Vous avez alors pu voir le monde des réseaux sociaux de l’intérieur. Certains enjeux éthiques vous ont-ils marqué?

Je pense que, lorsqu’on conçoit des technologies, il faut se poser la question du monde dans lequel nous voulons vivre. Les systèmes mis en place par les algorithmes des réseaux sociaux, en particulier à destination des plus jeunes, sont extrêmement contestables. Ils amplifient volontairement les idées extrêmes car favoriser les émotions fortes est une manière reconnue de maximiser l’engagement. Je pense que l’une des priorités pour les entreprises de médias sociaux devrait être d’avoir un philosophe au sein de leur conseil de direction! Plus largement, ma période chez Snapchat a été longue et peu inspirante car l’entreprise n’a aucune vision à long terme — le seul but est la croissance des utilisateurs pour survivre au sein d’un marché très saturé. Après trois ans, j’ai senti qu’il était temps de partir pour une nouvelle expérience.

C’est à ce moment que vous fondez votre deuxième entreprise, Strong Network.

Exactement. Un de mes employés en Suisse souhaitait m’accompagner dans l’aventure et nous nous sommes vus pendant plusieurs mois pour élaborer notre projet. Nous avons envisagé plusieurs technologies et l’une de celles que nous avons évoquées m’a rappelé la solution Virtual Desktop Infrastructure (VDI) de Citrix, que j’utilisais lorsque j’étais chez IBM. Celle-ci permet d’accéder à son bureau Windows depuis n’importe quel appareil via une connexion Internet sécurisée. Nous avons alors voulu développer une solution de cybersécurité dédiée à ce type d’accès mais beaucoup plus performante et dédiée au codage d’applications, car les VDI présentaient à l’époque de nombreuses failles et des problèmes d’expérience utilisateur.

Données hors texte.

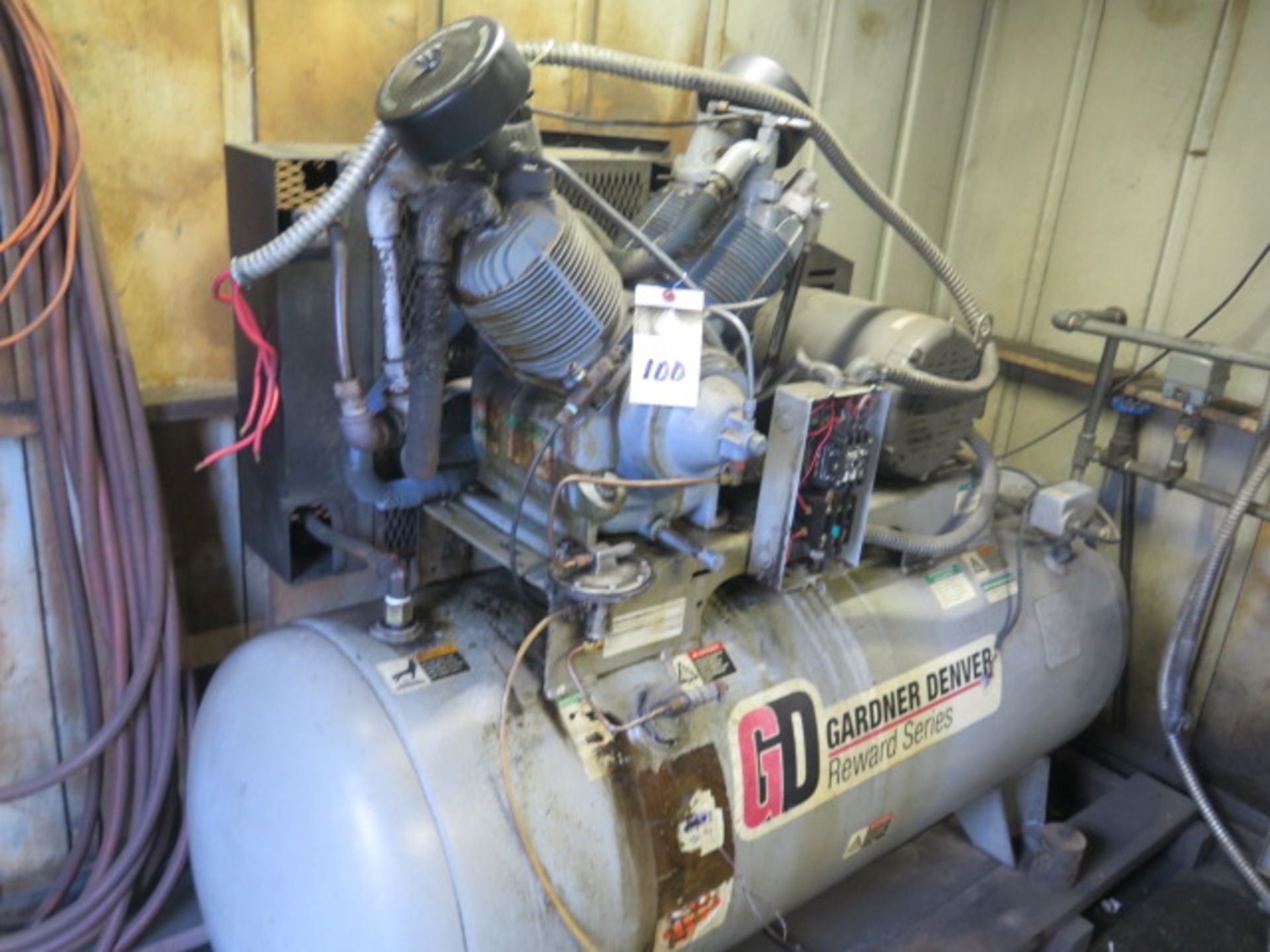 Gardner Denver HR10-12 10Hp Horizontal Air Compressor w/ 2-Stage Pump, 120 Gallon Tank, SOLD AS IS - Image 2 of 8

C’est ainsi que Strong Network est né en 2020. La plateforme permet aux développeurs de travailler à distance dans un environnement cloud entièrement sécurisé, une approche qui était inédite à l’époque. Depuis, d’autres acteurs nous ont imités, mais nous avons gardé une longueur d’avance grâce à nos brevets. Strong Network a été racheté par Citrix fin 2024: la boucle était bouclée, car l’idée m’était initialement venue de leur technologie.

On parle beaucoup de «Zero Trust», un concept qui considère que les menaces numériques peuvent venir de l’intérieur même du réseau. Est-ce une approche dans laquelle vous vous inscrivez?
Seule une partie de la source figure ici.